Jamie Rubin

The Family Wash has been many things over the last 10 years or so: a bar, a clubhouse for wayward musicians, a magnet for overzealous Metro Codes enforcement, a refuge from the road. It’s a place to hear a new voice, perhaps making his or her on-stage debut. It’s a place to hear old favorites with resumes that include playing with some of the heaviest hitters — David Bowie, The Black Crowes, Bob Dylan, The Jayhawks — around. What’s more, it also serves what many think is the best (if the only?) shepherd’s pie in town.
     The lead laundry man at the Wash is one Jamie Rubin. As with many folks who own their own businesses, Rubin wears a lot of hats. He takes care of the books. He tends bar. He plays arbitrator whenever there’s a rock trivia question to be answered. He also takes the stage every week with his rock ’n’ roll collective featuring some of the finest players in this or any other town.
     “It’s called Carpetbaggers Local 615, and we play at the end of the night every Tuesday,” Rubin says. “We’ve got a rotating lineup of Pete Pulkrabek, Marc Pisapia, Paul Slivka, Chris Autry, Tyson Rogers, Reeves Gabrels, Goffrey Moore, Audley Freed, Tim Carroll, Eric Fritsch and Roy Agee, just to name a few. We’re trying to figure out how to make a record with all that are involved, something that speaks [to] the songs we play week in week out.”

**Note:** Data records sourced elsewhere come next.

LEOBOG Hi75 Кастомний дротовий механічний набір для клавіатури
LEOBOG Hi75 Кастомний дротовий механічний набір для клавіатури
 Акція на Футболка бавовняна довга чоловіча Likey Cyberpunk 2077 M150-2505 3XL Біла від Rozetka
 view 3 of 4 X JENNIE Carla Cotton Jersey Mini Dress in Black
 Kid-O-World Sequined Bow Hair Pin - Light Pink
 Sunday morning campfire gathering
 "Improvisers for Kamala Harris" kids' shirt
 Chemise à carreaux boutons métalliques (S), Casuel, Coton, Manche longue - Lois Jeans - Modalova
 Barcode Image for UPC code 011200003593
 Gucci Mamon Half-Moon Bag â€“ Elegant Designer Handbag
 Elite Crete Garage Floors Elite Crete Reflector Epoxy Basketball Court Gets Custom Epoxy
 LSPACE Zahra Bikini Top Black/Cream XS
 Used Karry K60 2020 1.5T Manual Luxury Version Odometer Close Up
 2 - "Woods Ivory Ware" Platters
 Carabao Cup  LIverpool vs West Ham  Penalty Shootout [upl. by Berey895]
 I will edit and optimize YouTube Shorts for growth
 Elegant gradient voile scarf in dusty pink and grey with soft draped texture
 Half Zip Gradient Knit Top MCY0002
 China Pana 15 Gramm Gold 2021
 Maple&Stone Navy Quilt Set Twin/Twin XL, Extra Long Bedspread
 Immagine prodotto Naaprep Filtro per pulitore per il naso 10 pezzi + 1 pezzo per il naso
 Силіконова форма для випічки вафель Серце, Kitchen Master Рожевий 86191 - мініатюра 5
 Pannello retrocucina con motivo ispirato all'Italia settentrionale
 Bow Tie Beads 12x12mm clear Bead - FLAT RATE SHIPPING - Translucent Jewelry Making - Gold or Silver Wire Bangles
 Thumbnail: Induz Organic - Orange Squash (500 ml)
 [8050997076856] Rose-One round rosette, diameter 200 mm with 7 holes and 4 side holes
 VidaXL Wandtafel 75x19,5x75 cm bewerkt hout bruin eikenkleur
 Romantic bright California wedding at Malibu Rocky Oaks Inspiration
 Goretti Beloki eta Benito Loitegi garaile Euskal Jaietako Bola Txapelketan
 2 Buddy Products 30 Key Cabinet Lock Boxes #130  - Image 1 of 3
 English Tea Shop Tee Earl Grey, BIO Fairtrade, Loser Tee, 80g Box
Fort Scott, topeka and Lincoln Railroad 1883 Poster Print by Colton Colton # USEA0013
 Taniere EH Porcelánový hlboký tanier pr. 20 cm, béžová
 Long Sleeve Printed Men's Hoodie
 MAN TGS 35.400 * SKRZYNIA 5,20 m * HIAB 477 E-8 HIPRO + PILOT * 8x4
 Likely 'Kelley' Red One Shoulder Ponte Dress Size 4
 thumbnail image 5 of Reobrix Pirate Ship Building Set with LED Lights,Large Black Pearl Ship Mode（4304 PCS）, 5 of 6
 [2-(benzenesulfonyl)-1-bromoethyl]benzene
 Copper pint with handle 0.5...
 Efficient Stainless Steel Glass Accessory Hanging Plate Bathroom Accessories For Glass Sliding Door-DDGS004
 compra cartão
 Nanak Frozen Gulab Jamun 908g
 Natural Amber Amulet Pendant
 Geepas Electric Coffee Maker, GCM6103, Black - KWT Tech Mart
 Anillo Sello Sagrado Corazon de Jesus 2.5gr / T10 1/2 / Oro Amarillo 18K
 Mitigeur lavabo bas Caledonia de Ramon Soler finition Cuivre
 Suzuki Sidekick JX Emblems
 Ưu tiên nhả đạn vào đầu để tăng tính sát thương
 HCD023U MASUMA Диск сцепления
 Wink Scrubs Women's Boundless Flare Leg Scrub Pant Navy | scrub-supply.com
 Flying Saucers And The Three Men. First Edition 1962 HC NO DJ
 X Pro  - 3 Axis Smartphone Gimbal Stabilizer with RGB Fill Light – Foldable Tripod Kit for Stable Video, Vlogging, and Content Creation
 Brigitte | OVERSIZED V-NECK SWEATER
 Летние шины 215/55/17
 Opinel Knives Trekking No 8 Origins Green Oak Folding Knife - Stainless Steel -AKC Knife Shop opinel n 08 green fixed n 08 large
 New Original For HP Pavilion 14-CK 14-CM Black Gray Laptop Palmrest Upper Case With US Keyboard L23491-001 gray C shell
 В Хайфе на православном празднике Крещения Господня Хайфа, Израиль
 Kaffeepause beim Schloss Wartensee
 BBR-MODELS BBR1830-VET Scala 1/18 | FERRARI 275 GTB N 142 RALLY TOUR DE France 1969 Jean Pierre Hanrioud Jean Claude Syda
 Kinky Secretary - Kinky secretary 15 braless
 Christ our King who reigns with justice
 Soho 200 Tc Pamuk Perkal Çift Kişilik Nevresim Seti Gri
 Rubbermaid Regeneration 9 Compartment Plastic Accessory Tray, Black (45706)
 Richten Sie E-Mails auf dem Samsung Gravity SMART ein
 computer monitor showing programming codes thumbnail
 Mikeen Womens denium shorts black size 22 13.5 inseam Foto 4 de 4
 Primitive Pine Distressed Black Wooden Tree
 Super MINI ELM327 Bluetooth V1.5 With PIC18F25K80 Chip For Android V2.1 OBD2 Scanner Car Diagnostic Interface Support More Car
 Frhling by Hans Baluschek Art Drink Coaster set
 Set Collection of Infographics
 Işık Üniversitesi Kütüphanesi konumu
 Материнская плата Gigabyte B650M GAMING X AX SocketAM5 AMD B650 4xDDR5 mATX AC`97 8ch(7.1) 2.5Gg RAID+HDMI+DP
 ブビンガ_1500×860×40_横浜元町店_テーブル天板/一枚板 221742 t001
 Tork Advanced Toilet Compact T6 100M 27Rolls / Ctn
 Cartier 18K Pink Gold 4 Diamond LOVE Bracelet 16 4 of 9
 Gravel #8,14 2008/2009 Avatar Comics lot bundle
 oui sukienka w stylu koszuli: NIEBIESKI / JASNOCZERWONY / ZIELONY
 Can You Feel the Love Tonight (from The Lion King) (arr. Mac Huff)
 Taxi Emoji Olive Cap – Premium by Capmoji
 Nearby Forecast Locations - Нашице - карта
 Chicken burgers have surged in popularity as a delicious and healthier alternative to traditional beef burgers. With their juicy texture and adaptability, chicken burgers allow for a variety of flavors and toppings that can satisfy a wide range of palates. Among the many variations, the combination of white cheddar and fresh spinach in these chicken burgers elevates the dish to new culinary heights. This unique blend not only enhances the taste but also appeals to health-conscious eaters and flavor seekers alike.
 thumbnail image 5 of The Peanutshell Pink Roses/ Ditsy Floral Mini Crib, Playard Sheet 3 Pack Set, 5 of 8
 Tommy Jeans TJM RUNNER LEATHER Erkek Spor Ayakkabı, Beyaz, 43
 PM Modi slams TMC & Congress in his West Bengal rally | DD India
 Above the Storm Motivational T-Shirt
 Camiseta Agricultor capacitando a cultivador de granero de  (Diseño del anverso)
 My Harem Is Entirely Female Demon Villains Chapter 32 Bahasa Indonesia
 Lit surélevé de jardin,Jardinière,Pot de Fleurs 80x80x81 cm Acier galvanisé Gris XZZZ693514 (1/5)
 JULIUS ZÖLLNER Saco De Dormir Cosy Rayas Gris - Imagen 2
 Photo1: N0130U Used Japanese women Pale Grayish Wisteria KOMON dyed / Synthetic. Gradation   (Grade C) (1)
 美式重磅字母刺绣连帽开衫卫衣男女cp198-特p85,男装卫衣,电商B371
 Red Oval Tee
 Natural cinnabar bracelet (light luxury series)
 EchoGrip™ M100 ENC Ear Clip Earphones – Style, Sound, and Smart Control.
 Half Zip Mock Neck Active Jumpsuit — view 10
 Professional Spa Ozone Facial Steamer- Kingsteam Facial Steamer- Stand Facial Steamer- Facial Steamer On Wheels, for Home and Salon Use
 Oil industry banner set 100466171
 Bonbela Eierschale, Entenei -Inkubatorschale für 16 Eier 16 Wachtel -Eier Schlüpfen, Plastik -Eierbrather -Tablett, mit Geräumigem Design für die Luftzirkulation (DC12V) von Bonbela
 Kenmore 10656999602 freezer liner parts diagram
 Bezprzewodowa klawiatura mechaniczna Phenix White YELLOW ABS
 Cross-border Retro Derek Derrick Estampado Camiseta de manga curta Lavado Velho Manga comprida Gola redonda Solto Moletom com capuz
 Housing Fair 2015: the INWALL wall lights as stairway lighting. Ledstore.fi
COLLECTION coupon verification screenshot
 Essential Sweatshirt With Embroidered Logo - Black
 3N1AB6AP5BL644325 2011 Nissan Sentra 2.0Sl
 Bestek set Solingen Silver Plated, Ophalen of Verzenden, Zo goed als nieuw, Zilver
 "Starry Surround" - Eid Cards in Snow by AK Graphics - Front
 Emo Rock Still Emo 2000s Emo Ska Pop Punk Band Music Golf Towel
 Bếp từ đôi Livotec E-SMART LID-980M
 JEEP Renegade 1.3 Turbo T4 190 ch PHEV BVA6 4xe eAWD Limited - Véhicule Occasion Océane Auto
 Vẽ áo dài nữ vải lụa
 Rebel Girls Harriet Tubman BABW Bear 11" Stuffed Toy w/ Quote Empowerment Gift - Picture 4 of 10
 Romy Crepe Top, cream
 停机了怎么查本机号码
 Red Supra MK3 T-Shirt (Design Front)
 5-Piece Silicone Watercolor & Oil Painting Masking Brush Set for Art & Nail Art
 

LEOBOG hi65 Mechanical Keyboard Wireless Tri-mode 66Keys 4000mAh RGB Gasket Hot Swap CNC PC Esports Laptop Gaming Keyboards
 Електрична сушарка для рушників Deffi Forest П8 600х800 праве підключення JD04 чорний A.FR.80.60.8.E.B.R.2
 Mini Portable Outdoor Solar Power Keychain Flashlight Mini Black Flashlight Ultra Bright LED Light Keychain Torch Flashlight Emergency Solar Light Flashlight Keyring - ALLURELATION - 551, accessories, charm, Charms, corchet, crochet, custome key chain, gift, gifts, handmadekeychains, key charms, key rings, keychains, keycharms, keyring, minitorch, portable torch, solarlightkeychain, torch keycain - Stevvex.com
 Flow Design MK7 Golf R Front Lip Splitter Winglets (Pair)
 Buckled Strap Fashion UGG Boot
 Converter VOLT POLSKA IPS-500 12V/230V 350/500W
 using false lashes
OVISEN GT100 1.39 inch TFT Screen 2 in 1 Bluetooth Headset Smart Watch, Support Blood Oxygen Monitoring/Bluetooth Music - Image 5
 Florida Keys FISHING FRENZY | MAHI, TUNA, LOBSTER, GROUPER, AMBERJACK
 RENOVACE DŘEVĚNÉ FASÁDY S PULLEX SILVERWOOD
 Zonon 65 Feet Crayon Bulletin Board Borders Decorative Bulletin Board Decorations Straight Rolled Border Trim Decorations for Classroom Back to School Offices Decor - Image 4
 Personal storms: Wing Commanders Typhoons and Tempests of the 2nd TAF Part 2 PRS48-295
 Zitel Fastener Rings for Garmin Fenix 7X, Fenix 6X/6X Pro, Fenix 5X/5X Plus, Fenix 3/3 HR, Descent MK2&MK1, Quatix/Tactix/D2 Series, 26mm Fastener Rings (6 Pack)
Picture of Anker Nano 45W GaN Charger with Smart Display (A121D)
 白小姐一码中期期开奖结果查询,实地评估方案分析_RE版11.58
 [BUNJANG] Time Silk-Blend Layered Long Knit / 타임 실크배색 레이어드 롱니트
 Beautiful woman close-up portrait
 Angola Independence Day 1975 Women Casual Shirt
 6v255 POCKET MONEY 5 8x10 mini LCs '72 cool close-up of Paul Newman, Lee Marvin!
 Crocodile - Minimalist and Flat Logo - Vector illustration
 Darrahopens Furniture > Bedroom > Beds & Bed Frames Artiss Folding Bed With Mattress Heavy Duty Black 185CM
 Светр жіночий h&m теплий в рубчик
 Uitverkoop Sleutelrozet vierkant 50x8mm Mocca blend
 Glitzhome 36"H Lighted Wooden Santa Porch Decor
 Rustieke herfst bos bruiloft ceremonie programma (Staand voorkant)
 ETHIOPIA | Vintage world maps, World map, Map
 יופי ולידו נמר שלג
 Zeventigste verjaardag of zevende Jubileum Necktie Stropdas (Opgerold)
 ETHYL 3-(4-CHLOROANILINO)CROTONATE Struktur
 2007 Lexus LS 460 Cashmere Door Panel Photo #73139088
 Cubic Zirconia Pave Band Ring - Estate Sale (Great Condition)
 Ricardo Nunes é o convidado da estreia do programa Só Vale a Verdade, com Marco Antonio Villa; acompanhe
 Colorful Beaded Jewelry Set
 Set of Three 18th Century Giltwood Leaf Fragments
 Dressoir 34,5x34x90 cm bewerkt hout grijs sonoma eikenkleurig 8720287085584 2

     Like many of the guitarists featured in this issue, Rubin took to the guitar at an early age.
     “My first guitar was a Harmony folk guitar, which we had altered with a trapeze bridge so I could rock on the steel strings,” Rubin says. “The first song I learned was ‘Blackbird’ by The Beatles, and the riff to Led Zeppelin’s ‘Whole Lotta Love.’”
     Rubin’s main axes these days are a 1966 Epiphone Texan acoustic and a 1953 Fender Telecaster that he notes “is not with me right now.” He’s able to salve some of that pain, he says, by playing the best “new” guitar he’s ever owned, a Reverend Manta Ray 390 Limited Edition which features three P-90 pickups. “It was given to me by the Reverend guys, whom I absolutely love,” says Rubin. His dream guitar? Another Telecaster.
     Rubin says he can’t imagine a life — especially his own — without music. It’s part of why he opened the Wash in the first place, he says.
     “Playing music and listening to music offers me the same thing. It’s the feeling of euphoria and The Unknown. It’s life and beauty. I knew by the time I was 6 or 7 years old that I had to do something with music. It just spoke to me.
     “It’s not all that hard. Find a guitar that you connect with, and learn the songs that speak to you. And even if it seems like it takes an eternity, stay with it, and don’t quit!”